The urban layout was a regular grid, with parallel streets that intersected squarely, clearly recognizable even today in the old town plan. The Decumanus Maximus (Via Arco d’Augusto) is the continuation of the consular road, which from Monte Giove comes to town with a long straight road. One of the main cardines (via Nolfi) is aligned with the base axis of the centuriation that characterizes the final part of the Metauro lowland, from Ad Octavum to the coast.

La The Roman sewer system, still in use, is constituted by a series of long manifolds at the eye level; they are disposed in line with the most important ancient streets and they reproduce the regular grid. Several stretches of Roman road pavement have been found in various locations in the center of Fano and are made up of large slabs of trachyte of the Euganean hills, characterized by a peculiar consumption with parallel grooves determined by chariot wheels.

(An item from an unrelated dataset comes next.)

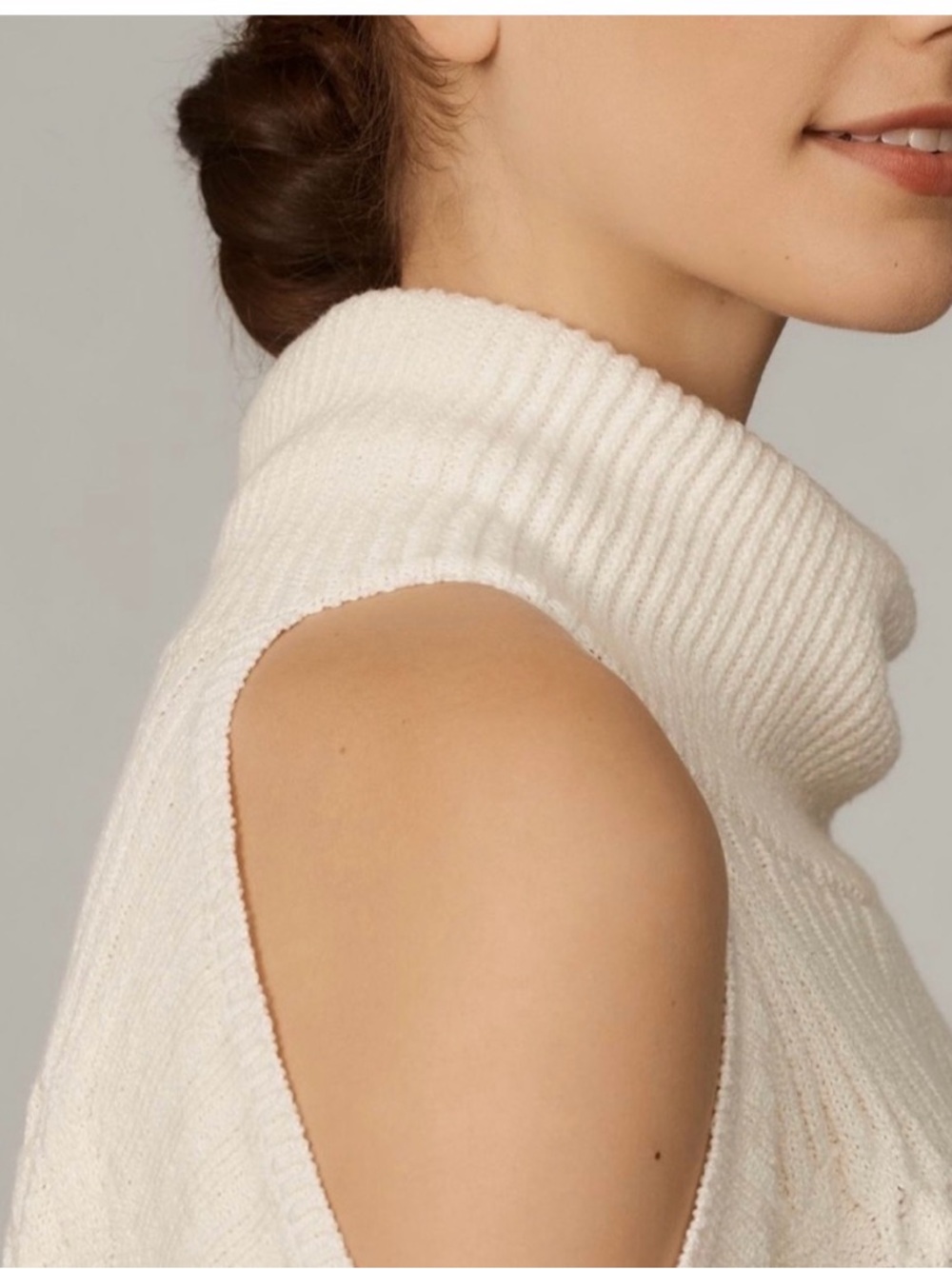 Anthropologie Cream Cable-Knit Cold-Shoulder Turtleneck Sweater, XS Coastal Boho - Picture 7 of 7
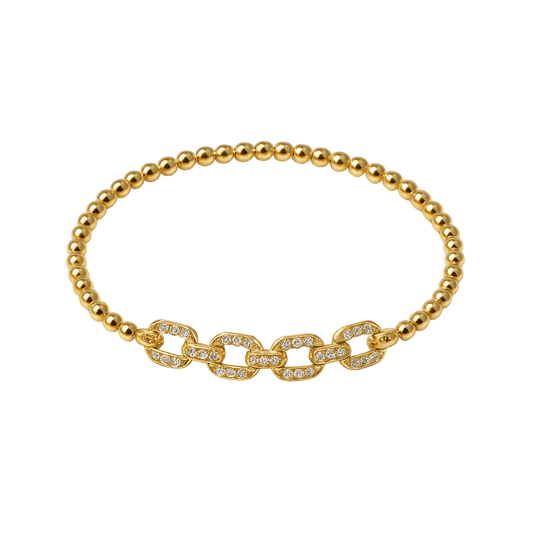 Connie Pave Chain - Link Beaded Bracelet - Robbi & Angel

The Forum probably stood at the intersection of the two main roads. A famous monument of Fanum Fortunae was the Basilica, designed and built by Vitruvius, as he attests in De Architectura. Remains of the Temple in the Forum are recognizable in monumental structures preserved underneath St. Augustine Church while the theatre is being excavated nearby; some walls of the amphitheater were discovered during the last years. An aqueduct, built in the tunnel starting from the nearby hills of Monte Giove, reached the city partially parallel to the Flaminia.